Write out exactly the lines from the one that contains "Oyuncak Arabalar" down to the last line of the material below, keeping both ends and omitting pictures.

• SUPPLIED DATA:
*** Block opens ***

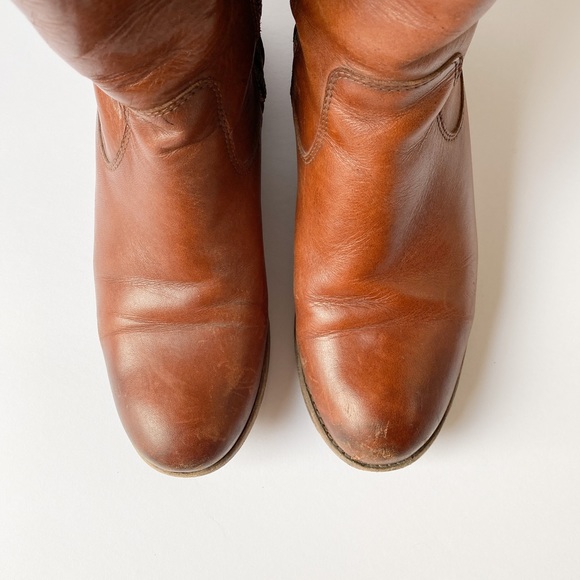 Frye Melissa Button Riding Boot - Picture 8 of 13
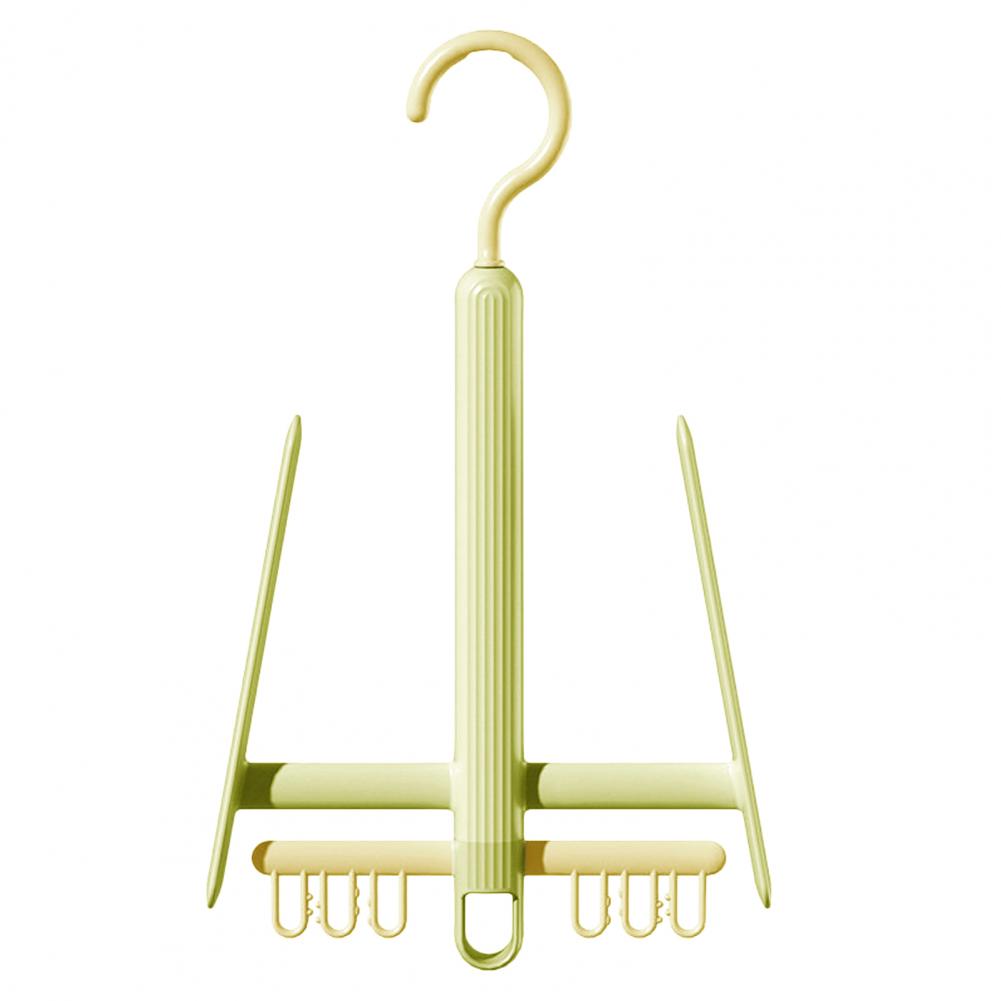 Laundry Drying Rack Space-saving Shoe Dryer 360-degree Rotating Shoes Drying Rack with Windproof Insoles Clip Rack Hanger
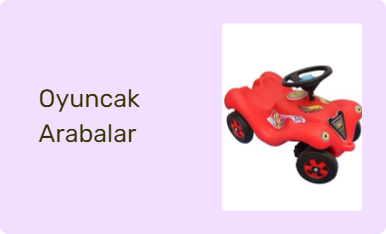 Oyuncak Arabalar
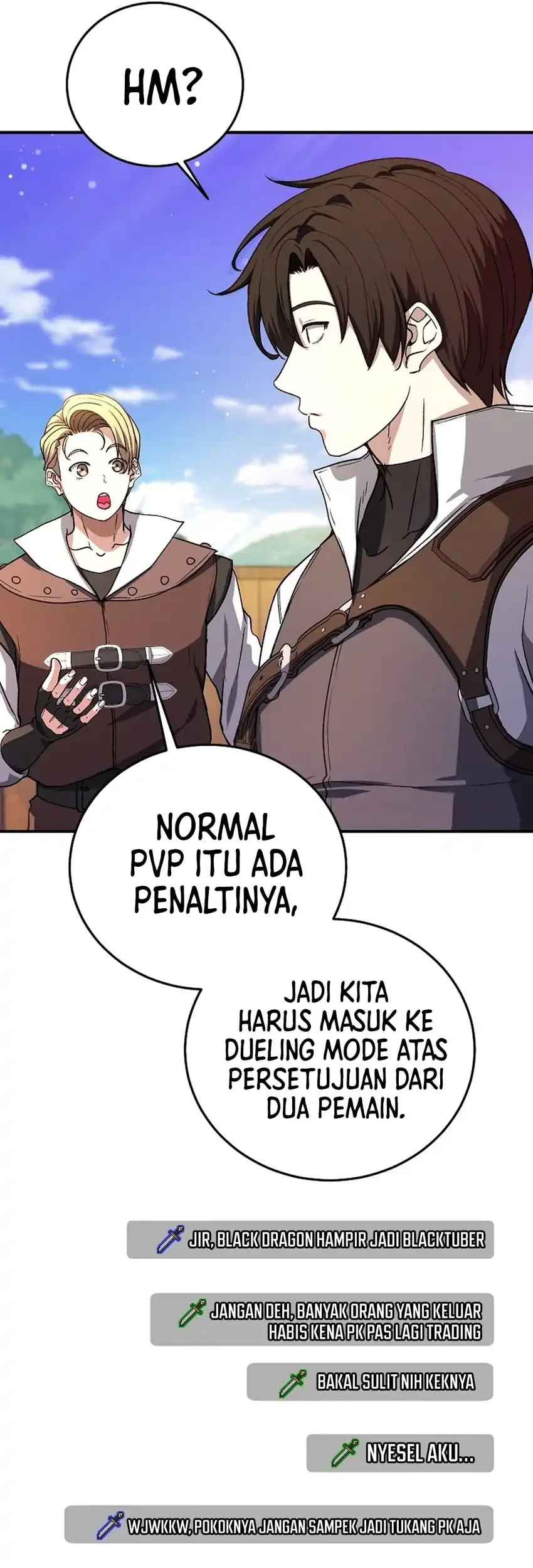 The Returnee’s Hidden Strategy Stream Chapter 32 Gambar 61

*** Block closes ***

• WRITTEN REPLY:
 Oyuncak Arabalar
 The Returnee’s Hidden Strategy Stream Chapter 32 Gambar 61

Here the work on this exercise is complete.